In the den races Duncan lined up his car against kids in his age/grade group, but as the gate dropped, so did my jaw as Duncan’s hooptie raced down the track, igniting what seemed like an invisible karma rocket that surged it forward passing all the other cars. He won. I was floored. I couldn’t believe it. His car advanced to the finals and in the end, he won first place in his age group and third place overall in the pack.

Duncan rocking the hardware after winning some Pinewood Derby races in third grade.

Over the years we’ve watched Duncan do his share of stupid things. He’s forgotten birthdays, holidays, failed to turn in assignments, forgotten to study for exams, missed deadlines, been an irresponsible employee, bad teammate, poor leader, meh volunteer, dropped a million balls, and he has been unprepared for hundreds of things. He is a teenager after all. The common denominator in all of those failures was Duncan. He owned all of those shortcomings because long ago we stepped out of this way and allowed him to manage his own life in the same way we allowed him to manage the construction of his Pinewood Derby cars. Duncan has designed and constructed his life all on his own. We’ve merely kept him safe, offering guard rails along the way, but he’s made his own mistakes and successes.


While he has been a typical teenager in so many ways, Duncan has built a good little life, on his terms, with his own effort. In fairness, since I mention his shortcomings, I should also mention his achievements which are all of his own doing. He is an Eagle Scout, he was inducted by unanimous vote (first time in the troop’s history) into the Order of the Arrow (Scouting’s National Honor Society) and he is a member of the National Honor Society. He played football, earned his varsity letter in lacrosse and he is a National Hispanic Scholar. He’s been a good brother and he’s been a wonderful son.


Duncan leaves for college in six months and I continue to struggle with thoughts of preparedness. Have I taught him enough? Have I shown him what he needs to know? I am reliving the night of his first Pinewood Derby race all over again, questions swirling in my head although nothing has really changed. He’s always been in control. He will just be farther away now.


I’m excited for him. He’s earned a full tuition scholarship to the University of Nebraska and out on the great plains a whole new world awaits him and there will be experiences, a new life, a new race to run and the opportunity for him to design, construct and build himself into something better. In Lincoln, he will continue to work on the project that his mother and I started in 2002 when she gave him the gift of life. It is a surprising finish line for his first 18 years which left me once again with my mouth wide open in awe of the fact that he somehow managed to build himself into something he can be proud of.

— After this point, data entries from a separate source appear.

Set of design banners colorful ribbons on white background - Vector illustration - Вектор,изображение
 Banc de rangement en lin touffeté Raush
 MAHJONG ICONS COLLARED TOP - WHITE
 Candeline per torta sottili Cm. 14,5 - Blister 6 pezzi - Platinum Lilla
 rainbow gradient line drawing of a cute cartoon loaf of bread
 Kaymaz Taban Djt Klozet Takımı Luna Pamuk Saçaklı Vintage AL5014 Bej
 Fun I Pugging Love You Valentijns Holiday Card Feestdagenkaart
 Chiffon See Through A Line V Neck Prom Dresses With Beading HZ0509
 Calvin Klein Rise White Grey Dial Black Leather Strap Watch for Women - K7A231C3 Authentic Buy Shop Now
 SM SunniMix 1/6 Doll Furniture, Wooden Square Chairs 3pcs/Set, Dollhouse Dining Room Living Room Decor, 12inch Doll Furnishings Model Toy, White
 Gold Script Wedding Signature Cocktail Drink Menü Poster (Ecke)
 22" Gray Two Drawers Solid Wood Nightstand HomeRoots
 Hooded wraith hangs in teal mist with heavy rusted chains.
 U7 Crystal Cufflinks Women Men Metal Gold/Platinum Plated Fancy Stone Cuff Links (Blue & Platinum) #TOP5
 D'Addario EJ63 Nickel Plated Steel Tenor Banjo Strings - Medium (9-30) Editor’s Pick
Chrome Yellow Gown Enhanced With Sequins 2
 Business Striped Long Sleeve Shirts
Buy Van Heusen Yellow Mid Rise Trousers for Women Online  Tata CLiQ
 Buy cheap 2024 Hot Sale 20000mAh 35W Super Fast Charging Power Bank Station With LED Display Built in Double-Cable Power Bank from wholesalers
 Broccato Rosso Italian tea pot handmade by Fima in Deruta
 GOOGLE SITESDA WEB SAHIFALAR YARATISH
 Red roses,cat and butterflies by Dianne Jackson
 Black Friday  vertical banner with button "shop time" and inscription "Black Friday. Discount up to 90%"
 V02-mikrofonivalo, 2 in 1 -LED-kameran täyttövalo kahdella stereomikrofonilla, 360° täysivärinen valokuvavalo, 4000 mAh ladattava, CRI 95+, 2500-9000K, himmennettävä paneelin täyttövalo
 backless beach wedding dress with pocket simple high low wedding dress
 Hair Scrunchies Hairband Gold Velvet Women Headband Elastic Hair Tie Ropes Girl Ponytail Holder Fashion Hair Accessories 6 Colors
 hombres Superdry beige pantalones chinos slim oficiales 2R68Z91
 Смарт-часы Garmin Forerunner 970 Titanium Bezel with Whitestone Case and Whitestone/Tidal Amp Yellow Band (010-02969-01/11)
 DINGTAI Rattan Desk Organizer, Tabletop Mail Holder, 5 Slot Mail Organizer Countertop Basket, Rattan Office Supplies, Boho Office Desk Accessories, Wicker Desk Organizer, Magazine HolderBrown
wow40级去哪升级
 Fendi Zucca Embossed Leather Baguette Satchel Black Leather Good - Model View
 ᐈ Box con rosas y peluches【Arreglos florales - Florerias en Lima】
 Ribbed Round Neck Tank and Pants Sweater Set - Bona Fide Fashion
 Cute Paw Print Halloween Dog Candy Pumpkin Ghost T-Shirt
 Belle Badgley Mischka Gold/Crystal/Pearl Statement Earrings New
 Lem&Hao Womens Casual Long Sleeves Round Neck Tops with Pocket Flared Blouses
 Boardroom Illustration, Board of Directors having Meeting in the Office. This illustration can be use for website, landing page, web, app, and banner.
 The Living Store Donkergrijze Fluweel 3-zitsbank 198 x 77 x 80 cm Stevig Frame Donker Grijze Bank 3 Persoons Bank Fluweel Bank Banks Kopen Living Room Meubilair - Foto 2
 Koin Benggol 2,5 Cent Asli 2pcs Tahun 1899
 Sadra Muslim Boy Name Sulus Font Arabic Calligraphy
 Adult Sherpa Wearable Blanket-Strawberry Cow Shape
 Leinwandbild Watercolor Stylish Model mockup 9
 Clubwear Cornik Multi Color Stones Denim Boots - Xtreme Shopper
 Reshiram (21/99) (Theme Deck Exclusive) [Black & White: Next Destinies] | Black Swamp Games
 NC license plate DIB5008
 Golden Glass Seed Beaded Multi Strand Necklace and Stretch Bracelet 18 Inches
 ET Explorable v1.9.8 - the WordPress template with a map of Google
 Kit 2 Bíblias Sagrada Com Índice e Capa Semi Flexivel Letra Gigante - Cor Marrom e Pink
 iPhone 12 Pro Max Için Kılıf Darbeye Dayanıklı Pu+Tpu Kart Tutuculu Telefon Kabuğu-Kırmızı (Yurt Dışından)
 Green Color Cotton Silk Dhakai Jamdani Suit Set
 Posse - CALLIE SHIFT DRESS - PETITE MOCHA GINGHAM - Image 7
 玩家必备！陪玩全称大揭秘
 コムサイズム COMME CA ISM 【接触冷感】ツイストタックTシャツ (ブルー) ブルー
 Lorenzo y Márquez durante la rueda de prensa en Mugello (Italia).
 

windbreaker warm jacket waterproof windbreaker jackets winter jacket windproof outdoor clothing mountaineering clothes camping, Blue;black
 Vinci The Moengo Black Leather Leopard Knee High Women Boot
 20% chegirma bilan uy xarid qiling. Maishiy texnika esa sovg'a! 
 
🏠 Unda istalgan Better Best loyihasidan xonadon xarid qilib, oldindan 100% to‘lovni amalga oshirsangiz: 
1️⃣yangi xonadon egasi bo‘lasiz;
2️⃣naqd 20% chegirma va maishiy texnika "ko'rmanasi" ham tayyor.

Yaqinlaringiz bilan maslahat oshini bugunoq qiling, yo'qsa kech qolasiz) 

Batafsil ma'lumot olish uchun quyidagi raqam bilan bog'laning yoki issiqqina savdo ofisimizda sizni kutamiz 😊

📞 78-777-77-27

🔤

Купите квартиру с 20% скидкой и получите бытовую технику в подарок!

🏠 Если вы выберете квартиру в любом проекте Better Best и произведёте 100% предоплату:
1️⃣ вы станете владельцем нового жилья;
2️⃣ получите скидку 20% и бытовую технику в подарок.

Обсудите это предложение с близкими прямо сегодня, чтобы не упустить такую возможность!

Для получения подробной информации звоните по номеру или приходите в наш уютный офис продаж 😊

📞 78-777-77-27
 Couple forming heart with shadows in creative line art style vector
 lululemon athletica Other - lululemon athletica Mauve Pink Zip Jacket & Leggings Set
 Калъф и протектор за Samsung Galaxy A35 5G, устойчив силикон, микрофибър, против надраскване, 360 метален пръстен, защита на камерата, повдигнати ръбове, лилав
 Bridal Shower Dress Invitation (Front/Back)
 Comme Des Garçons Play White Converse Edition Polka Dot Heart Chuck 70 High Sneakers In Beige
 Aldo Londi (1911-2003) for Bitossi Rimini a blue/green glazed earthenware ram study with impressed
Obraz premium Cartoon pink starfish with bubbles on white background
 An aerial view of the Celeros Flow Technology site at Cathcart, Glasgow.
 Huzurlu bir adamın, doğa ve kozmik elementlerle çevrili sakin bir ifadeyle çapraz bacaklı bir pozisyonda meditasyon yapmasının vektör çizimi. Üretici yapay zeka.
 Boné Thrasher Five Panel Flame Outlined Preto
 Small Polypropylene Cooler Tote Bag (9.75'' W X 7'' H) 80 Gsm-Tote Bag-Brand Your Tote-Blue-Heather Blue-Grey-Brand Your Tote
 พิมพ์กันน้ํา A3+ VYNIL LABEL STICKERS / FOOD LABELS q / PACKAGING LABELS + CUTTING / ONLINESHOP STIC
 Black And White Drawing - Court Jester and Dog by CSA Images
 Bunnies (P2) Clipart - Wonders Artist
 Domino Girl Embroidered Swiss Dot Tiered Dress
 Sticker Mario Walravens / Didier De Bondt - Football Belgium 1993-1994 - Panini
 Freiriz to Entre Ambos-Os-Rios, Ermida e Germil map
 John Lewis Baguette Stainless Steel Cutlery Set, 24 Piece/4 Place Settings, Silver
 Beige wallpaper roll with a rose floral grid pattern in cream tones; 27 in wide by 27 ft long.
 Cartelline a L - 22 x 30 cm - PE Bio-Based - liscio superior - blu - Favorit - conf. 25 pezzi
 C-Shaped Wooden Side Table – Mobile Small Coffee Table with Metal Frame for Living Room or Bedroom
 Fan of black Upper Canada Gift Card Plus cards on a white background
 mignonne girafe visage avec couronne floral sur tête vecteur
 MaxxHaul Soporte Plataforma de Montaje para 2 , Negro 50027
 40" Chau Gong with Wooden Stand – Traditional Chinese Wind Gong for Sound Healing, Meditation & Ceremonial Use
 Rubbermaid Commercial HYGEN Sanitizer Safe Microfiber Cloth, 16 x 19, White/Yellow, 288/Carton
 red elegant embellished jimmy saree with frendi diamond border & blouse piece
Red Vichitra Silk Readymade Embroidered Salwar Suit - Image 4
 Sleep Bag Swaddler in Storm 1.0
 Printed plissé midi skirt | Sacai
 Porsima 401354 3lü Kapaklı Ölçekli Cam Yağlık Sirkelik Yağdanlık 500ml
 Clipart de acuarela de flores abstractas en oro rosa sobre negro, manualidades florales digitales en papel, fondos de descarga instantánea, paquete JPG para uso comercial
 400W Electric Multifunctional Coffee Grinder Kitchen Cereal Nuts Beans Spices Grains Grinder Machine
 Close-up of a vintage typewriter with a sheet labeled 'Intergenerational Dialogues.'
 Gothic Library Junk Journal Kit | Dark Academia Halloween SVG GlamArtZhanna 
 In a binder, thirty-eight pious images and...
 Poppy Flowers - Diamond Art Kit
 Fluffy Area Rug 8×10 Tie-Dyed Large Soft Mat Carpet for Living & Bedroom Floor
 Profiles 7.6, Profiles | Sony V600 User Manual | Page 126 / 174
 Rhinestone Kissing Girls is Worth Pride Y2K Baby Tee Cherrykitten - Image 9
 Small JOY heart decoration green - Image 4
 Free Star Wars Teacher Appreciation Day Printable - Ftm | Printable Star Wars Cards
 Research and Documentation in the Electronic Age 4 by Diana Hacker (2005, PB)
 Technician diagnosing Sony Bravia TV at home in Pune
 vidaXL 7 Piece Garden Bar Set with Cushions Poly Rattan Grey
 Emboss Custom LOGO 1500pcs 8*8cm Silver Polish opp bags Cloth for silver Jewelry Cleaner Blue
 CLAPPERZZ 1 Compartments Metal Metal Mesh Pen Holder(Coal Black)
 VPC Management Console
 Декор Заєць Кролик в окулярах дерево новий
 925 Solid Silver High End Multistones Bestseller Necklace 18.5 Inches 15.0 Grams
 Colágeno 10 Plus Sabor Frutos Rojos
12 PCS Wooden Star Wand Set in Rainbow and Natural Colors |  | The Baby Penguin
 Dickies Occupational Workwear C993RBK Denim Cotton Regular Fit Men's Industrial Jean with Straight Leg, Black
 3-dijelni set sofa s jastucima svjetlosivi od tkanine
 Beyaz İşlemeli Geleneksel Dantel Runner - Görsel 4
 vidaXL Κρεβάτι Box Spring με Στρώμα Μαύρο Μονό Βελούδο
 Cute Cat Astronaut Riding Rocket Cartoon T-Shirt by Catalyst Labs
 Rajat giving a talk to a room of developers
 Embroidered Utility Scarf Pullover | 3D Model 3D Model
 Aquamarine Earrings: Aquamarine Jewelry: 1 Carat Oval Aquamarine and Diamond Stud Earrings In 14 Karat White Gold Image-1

I’m going to miss him and it would be futile to try and list all of the things I will miss about him. As usual, we will give him his space and let him own this experience, mistakes and all. I know he will build something good out of it and I can’t help but feel the same pride that he likely had when he brought home those Pinewood Derby trophies.


I’m proud that Nebraska offered him a full ride, that’s a great trophy, but I’m even more proud of who he is and the man he is going to become. He’s run a great race.


He is my hooptie.

My son Holden's Wii remote control Pinewood Derby car. The theme of the car race that year was video games. It was recognized for creativity.